WHAT IS EXPECTED | In the records below, reproduce exactly the lines from the one containing "[Regalia jewelry]PERLEE DOUBLE" through the one containing "Gray Gold Sheepskin Area Soft Rug", both included, and omit the pictures.

SOURCE INFORMATION |
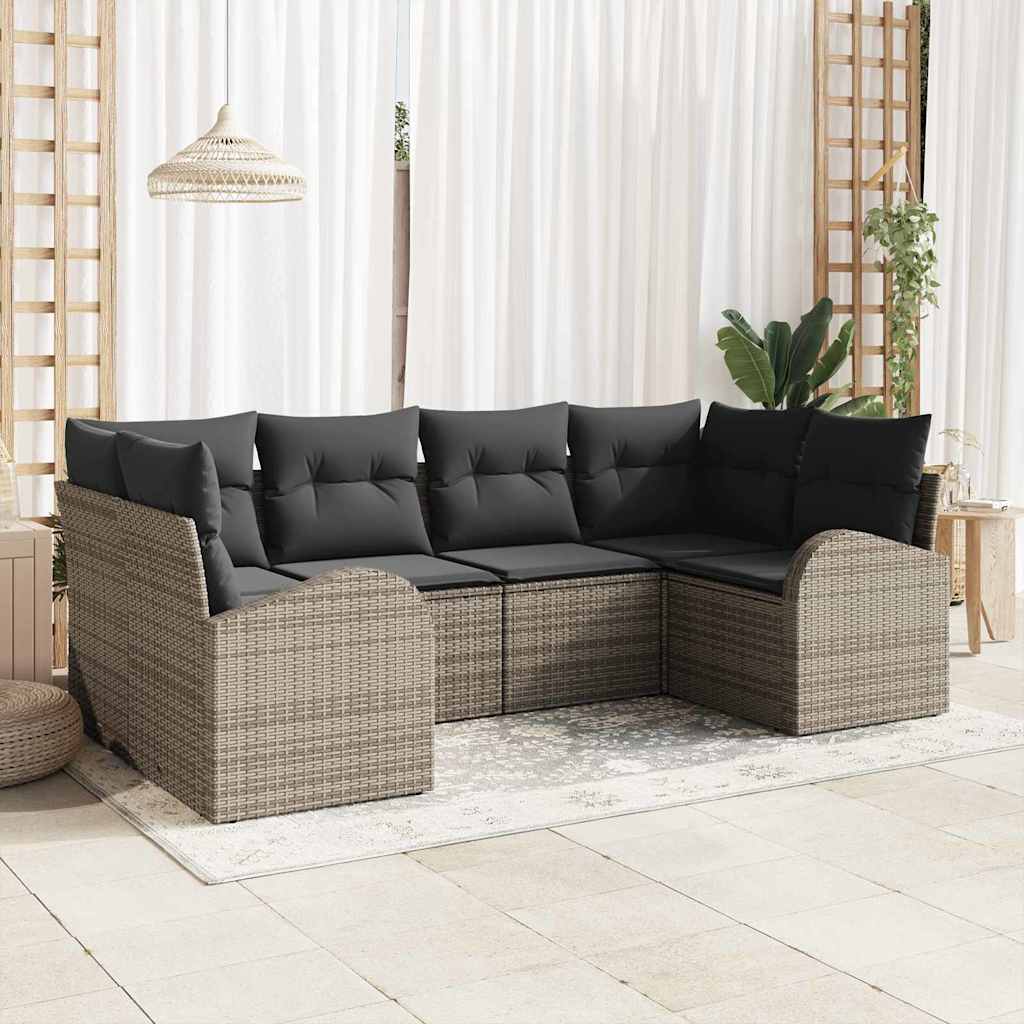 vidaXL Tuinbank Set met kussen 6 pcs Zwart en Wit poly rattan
...
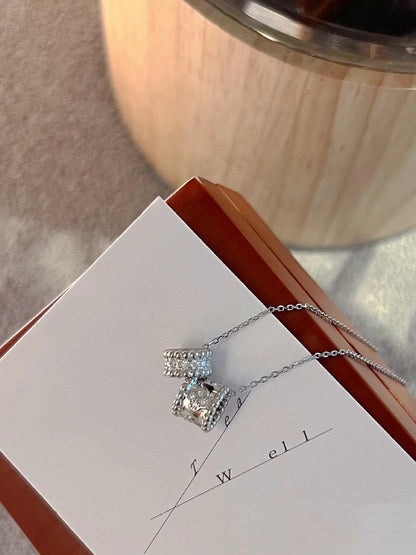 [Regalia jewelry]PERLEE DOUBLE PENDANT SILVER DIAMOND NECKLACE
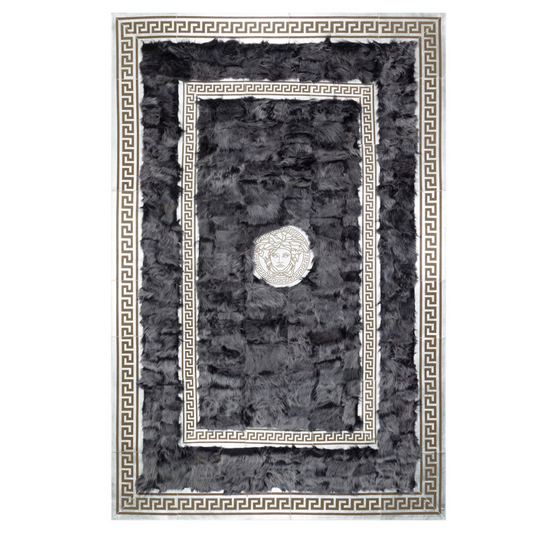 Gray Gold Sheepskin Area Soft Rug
...
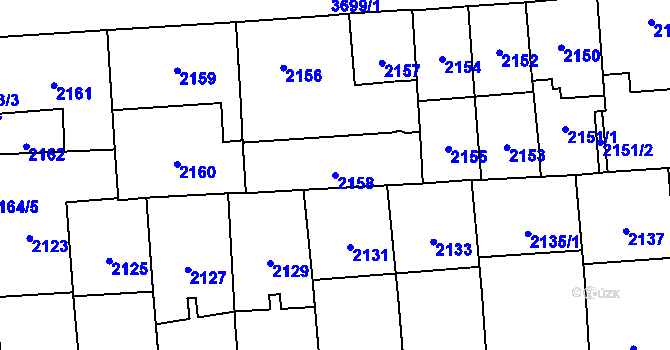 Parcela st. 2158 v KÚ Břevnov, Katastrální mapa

RESPONSE TO THIS TASK |
 [Regalia jewelry]PERLEE DOUBLE PENDANT SILVER DIAMOND NECKLACE
 Gray Gold Sheepskin Area Soft Rug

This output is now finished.